It is not a novel policy. Since 2016, the Bank of Japan has committed to keeping the market yield on 10-year Japanese government bonds near zero. The BoJ will buy or sell whatever quantity of bonds is needed to meet this goal.

Targeting long-term rates is an alternative to quantitative easing — mass bond buying — and forward guidance. It achieves directly what QE does indirectly: lower long-term market yields on benchmark securities so as to encourage investors to direct capital elsewhere, ideally to productive investment by businesses wishing to expand. It also directly affects the market cost of borrowing for longer periods, which forward guidance tries to achieve by signalling to markets that central banks will keep short-term rates low for some time into the future.

Why use a tool that gets the same results through other means?

The first answer is that it does so more effectively. Compared with QE, directly targeting 10-year borrowing costs takes the guesswork out of how many government bonds the central bank must buy to achieve what it deems appropriate financial conditions. Compared with forward guidance, direct targeting removes the risk to financial intermediaries that the central bank may not make good on its guidance, and change short rates sooner than it now predicts. This also means the central bank does not hurt its own credibility if it needs to tighten sooner than it thought.

A second answer is that precisely because yield curve control makes little difference to other tools today, now is the least disruptive time to introduce it. At some point policy will need changing, perhaps to tighten in a recovery, or perhaps to offset upward pressure on market rates from US budget stimulus.

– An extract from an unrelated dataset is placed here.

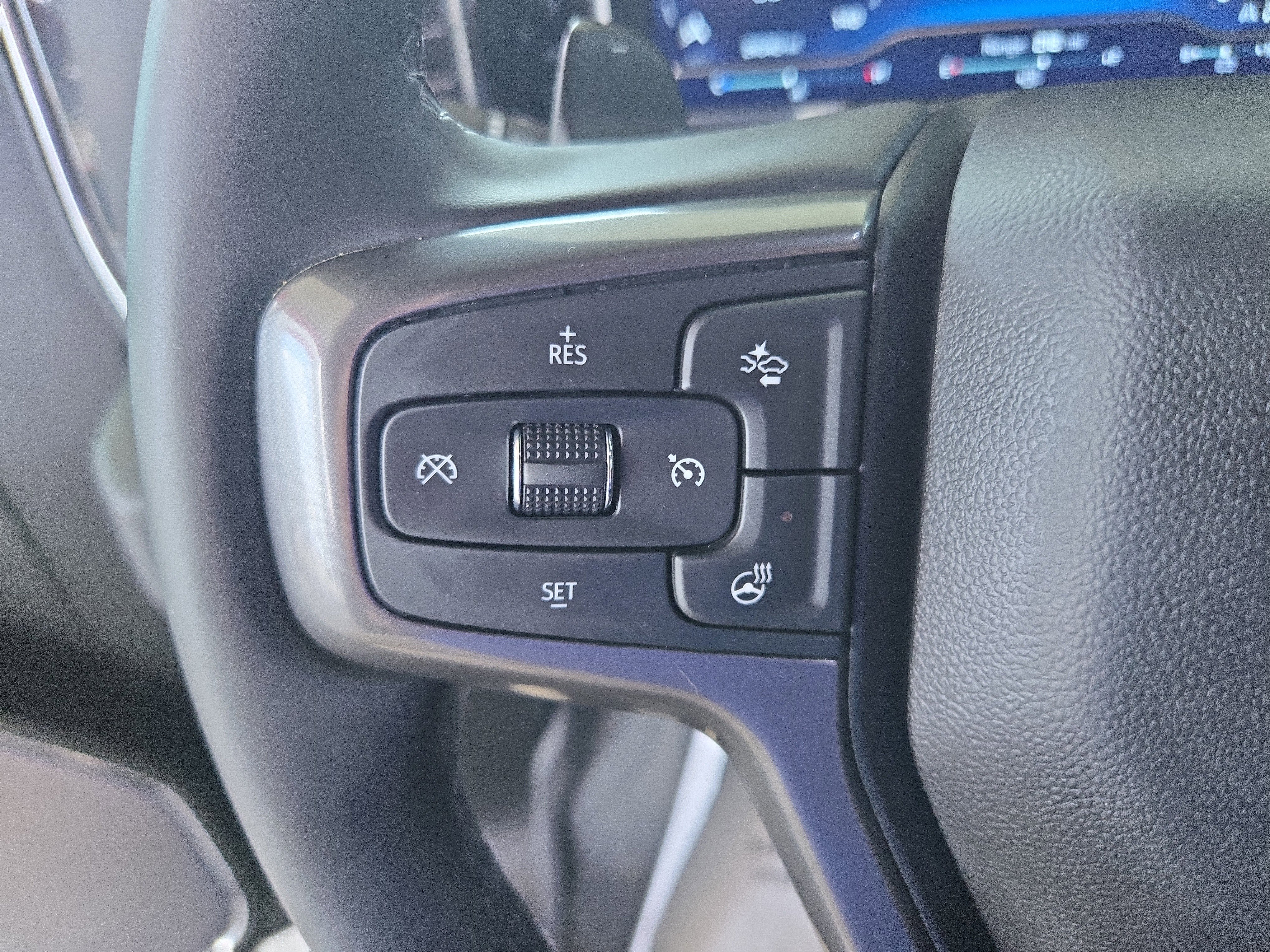 Used 2024 Chevrolet Silverado 1500 High Country w/ High Country Premium Package image 18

In either case, yield curve control would let the ECB move or keep long rates where it sees fit, and avoid politically difficult and technically uncertain deliberation of how many bonds to buy. In fact, Japan’s experience shows that explicitly targeting the 10-year rate reduces the need to buy bonds at all. That should be attractive for the ECB. Its original decisions to engage in large-scale bond purchases were politically excruciating, and thus too slow.

A third argument is that lowering — or lifting — rates is far simpler to communicate to the public than bond purchase programmes in the trillions.

What are the arguments against it? One is that yield curve control falls under the treaty prohibition on credit facilities to governments. But why should targeting long-term market rates be less acceptable than buying huge amounts of government bonds to achieve the same result?

Another objection is that there is no obvious long-term bond yield to target. There are 19 eurozone sovereigns, and the ECB currently buys a portfolio of all their debts. But this objection no longer applies. The EU is ramping up the issuance of common European bonds in order to fund its recovery policies. The yield of the 10-year common European bond would be a perfect benchmark for the ECB to target.

This would not address another motive for the ECB’s bond-buying, which is to keep securities markets functioning smoothly, in particular for high-debt eurozone governments. But every economist is familiar with what is known as the Tinbergen rule: for each policy goal you need a dedicated instrument. Market functioning and optimal long-term market rates are different goals. Using yield curve control to achieve the latter leaves bond purchase programmes free to focus on the former.

But yield curve control could have a side benefit, too — one even more important than its main function as a monetary policy tool. Making the common European bond yield an operational target for monetary policy would encourage markets to adopt it as a benchmark for pricing other securities. In time, this would help nudge European banks away from their bias towards holding their own national government’s bonds, a source of instability the ECB and other EU policymakers want to reduce.

Adopting yield curve control today would not just improve monetary policymaking. It would also give significant support to the EU’s policy objective of a banking union. Beyond its price stability mandate, this is a form of support the ECB is treaty-bound to give.